Content starts

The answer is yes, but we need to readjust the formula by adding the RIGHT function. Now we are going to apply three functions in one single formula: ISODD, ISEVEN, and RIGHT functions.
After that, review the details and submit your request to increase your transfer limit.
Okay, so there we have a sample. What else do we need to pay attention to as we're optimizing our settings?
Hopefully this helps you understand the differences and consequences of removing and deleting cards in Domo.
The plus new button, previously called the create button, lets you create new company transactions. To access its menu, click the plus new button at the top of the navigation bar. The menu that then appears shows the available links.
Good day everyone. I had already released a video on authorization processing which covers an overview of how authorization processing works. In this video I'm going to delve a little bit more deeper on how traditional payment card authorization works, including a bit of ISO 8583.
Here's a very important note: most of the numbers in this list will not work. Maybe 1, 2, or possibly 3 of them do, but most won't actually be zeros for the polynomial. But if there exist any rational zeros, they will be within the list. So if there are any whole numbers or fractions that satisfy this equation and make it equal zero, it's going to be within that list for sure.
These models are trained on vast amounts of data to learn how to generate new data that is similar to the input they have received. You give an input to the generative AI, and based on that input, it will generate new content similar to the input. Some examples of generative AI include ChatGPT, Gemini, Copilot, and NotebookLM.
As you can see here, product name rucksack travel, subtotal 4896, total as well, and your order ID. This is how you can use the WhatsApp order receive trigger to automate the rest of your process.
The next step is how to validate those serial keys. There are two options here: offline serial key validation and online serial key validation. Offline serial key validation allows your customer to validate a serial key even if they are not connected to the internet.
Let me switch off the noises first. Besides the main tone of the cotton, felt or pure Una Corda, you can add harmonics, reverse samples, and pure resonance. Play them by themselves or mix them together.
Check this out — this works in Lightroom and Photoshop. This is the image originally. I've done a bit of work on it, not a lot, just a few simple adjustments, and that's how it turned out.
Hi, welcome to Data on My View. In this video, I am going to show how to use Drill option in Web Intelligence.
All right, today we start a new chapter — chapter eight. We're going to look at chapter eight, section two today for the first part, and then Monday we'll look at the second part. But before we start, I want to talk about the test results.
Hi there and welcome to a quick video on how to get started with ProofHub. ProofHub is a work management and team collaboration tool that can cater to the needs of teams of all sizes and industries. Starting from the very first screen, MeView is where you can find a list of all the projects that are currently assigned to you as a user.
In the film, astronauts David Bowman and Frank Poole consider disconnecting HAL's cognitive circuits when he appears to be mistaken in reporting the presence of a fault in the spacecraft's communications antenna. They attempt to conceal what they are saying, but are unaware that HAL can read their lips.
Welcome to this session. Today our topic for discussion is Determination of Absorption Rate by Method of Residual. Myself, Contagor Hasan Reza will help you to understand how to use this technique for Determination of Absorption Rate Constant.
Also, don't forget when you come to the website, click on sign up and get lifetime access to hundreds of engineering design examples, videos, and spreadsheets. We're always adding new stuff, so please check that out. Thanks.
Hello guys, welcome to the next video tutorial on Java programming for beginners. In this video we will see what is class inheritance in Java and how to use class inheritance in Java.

Content ends

**PROBLEM REQUIREMENTS**
Start at the first line of the data above. Stop after the line containing "Good day everyone.", reproducing each line exactly and adding nothing.

**EXPECTED ANSWER**
The answer is yes, but we need to readjust the formula by adding the RIGHT function. Now we are going to apply three functions in one single formula: ISODD, ISEVEN, and RIGHT functions.
After that, review the details and submit your request to increase your transfer limit.
Okay, so there we have a sample. What else do we need to pay attention to as we're optimizing our settings?
Hopefully this helps you understand the differences and consequences of removing and deleting cards in Domo.
The plus new button, previously called the create button, lets you create new company transactions. To access its menu, click the plus new button at the top of the navigation bar. The menu that then appears shows the available links.
Good day everyone. I had already released a video on authorization processing which covers an overview of how authorization processing works. In this video I'm going to delve a little bit more deeper on how traditional payment card authorization works, including a bit of ISO 8583.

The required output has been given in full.